When I was young, my parents took me on my first trip to Washington, D.C. as part of a sales competition that my mom won at work. It was my first time to a big city and I can positively say that trip set the stage for my future.

Of course, this was well before 9-11 in the Clinton Administration so tours of the White House took place daily and often. My parents and I were fortunate enough to be part of a group embarking on the trip that started on the front lawn and weaved up the huge staircases onto the House’s main floor.

When we were in one of the elegantly-clad rooms, I asked one of the Secret Service Agents at the red velvet rope where Socks was (if you don’t remember, this was the Clinton’s first feline). Jokingly, he pulled up one of his pant legs to show me, well, his sock.

That act was a done deal for me. I wanted to become President. The first female President. Luckily for me, that deal is still on the table so move over Oprah 2020.

Of course, like all dreams, that one has set sail into the sunset and my ambitions have morphed from being the First Female President to an FBI Agent (thank you bad eyes for screwing up that one) to becoming a Trophy Wife (I mean, I did receive the superlative of “Most Likely to Be a Trophy Wife” at one of my sorority’s formals) to wanting to make decent money and raise a family. Boy, how times have changed.

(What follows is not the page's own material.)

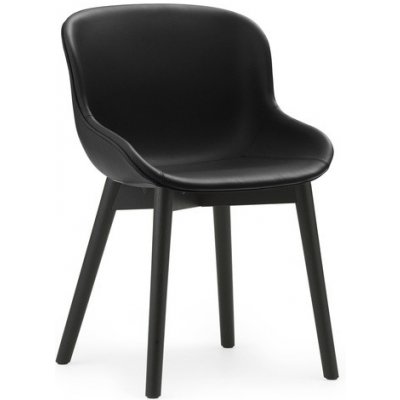 Normann Copenhagen Hyg Chair Ultra Leather čierna / čierna dub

I don’t consider myself a feminist. In fact, I see myself as far from that. In my mind, the gender gaps with job positions and pay are just a side effect of our deep reality as a species and as a country. No use fighting it.

To me, there is something extremely endearing about taking on the Susie Homemaker role of a wife and mother. Of making dinner for my husband and packing lunches for my kids. I grew up extremely close to my Bubba who did just those things and instilled in me the belief to “love, honor and obey” my future husband. Those beliefs are almost a way for me to keep her memory alive. In reality, it comes down to my desire to be compassionate and loving.

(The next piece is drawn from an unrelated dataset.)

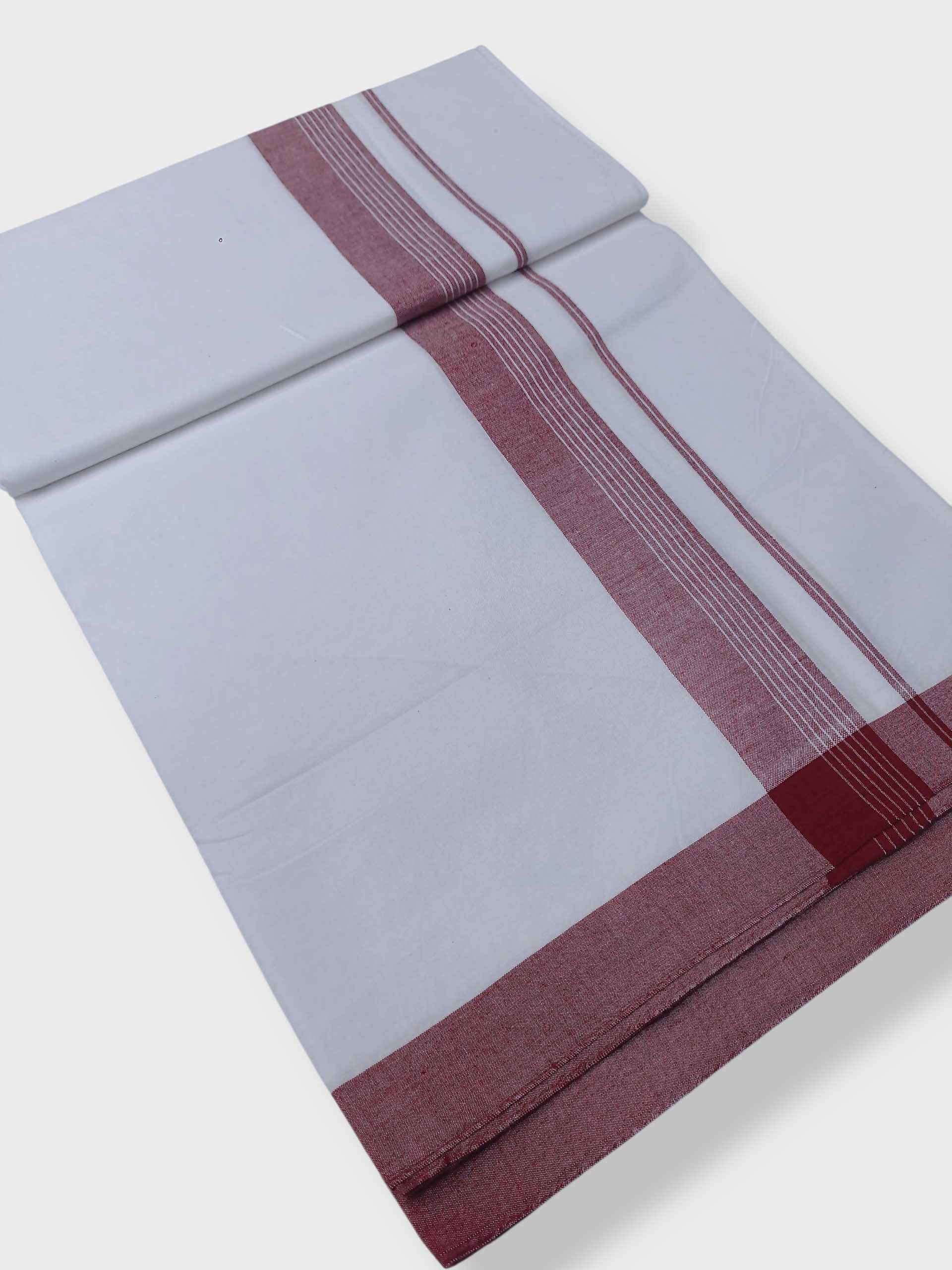 Single Kerala Pure White Mundu/Dhoti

As I grow, I am realizing more and more the power behind being a successful working woman and a loving wife and mother. To me, in my current reality, those two work hand-in-hand and nothing could be more ambitious on my part.

Tonight I started to read “Lean In” by Sheryl Sandberg. Within the first handful of pages, her words stood out to me, specifically when she wrote that men are promoted based on their potential while women are promoted based on their past successes.

I am so angry at that realization–angry that it’s true and angry at myself for only now recognizing how true that is and the magnitude that it has on our current and future workforce of women. Within seconds of reading that, I was able to find specific examples of that statement holding true in my professional life.

It really is disheartening.

This to me is not significant that men are taking over or truly are smarter, better looking, healthier and a million other things than women. To me, it’s significant that for too long women like myself have conformed to what is expected and let outside views manipulate us into who we are today. The sickening part is that we–I–let this happen.

At the end of the day, I’m going to be an executive. I’m going to make the money I desire, the money I’m worth. I’m going to be the loving, compassionate wife and mother. I’m going to go to Yoga, shop at Whole Foods and volunteer to save all of the homeless puppies. I’m going to live the life I imagine. I’m going to have it all because I am HUMAN and that is my birthright. Sit back and try to stop me.